17 The principles applicable to the punishment of contempt are well established. In Manian (No. 2) Kirby P, as he then was, stated the rationale for punishing a contemnor at 314 as follows:
"A conviction of contempt of Court is a conviction of an offence, criminal in nature. Punishment of the convicted Contemnor must therefore take into account the considerations normally applicable to the punishment of crime and apt to uphold the purpose of this jurisdiction, namely, the undisturbed and orderly administration of justice in the Courts according to law. Thus, in determining the punishment which is apt to the circumstances which have led to a conviction of contempt, it is appropriate to bear in mind the purposes of punishing the Contemnor, deterring the Contemnor and others in the future from committing like contempts; and denouncing the conduct concerned in an appropriately emphatic way: See Director of Public Prosecutions v J John Fairfax & Sons Limited (1987) 8 NSWLR 732 at 741".
18 Other decisions have stressed the importance of specific and general deterrence in determining the sentence to be imposed: See Registrar In Equity v Froome [2001] NSWSC 1029; Pelechowski v Registrar of the Court of Appeal (NSW) (1999) 198 CLR 435 at 485. In this case, the principle of general deterrence is attenuated by Mr McCaffery's depressive illness, which contributed significantly to his offending.
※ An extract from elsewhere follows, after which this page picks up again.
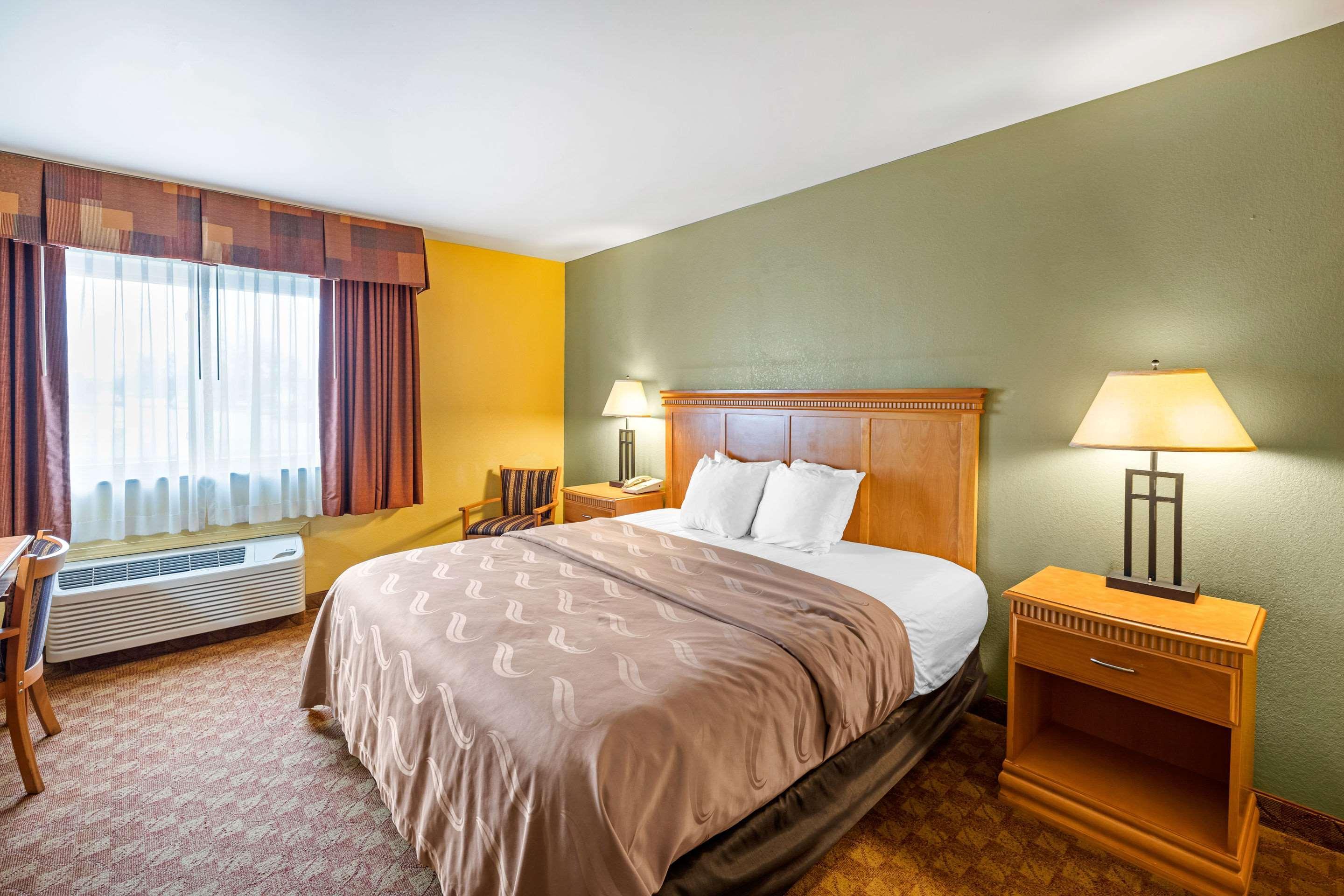 Rodeway Inn South Hutchinson Bagian luar foto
19 In many ways, Mr McCaffery was correct in his comments to the Court that his life has been destroyed. From a relatively prosperous and supportive family environment, he chose the law as his profession for noble motives. He served the law capably for a number of years and enjoyed it immensely. His downfall cannot be more keenly felt, nor more complete, involving as it did the estrangement of his wife and eight year old daughter, to whom he has some access at his mother's house where he now lives. He harbours hopes of returning to work full-time as a law clerk in order to support his wife and child. He now recognises the crippling nature of his depression and is content to receive ongoing treatment. He expressed his abject apologies to the Bar Association, the Court of Appeal, and this Court for his behaviour.
20 At no stage did he attempt to avoid or minimise responsibility for that behaviour. Having regard to the provisions of the Crimes (Sentencing Procedure) Act 1999, in particular s 21A, I take into account Mr McCaffery's very real contrition and remorse, his early admissions of guilt, his prior good character, the fact that these were a series of offences over a significant period of time and the abuse by Mr McCaffery of the trust placed in him by the Courts of this State in the sense explored above.
21 I propose discounting the sentences to be imposed by 25 per cent in recognition of the utilitarian value of the acknowledgement of guilt. I have, however, reached the view that nothing less than a custodial sentence is called for.
22 However, taking into account, as I said, the very real nature of Mr McCaffery's contrition and remorse, his prior good character, and the fact that the courts can have confidence, I believe, in his complete rehabilitation, I have determined to suspend the sentences under s 12 of the Crimes (Sentencing Procedure) Act. Accordingly I sentence as follows:
On charges 1 to 4 of the Statement of Charge annexed to the summons in proceedings 13397 of 2004, on each charge I sentence the defendant to nine months imprisonment comprised of a non-parole period of six months, the balance of the term being three months.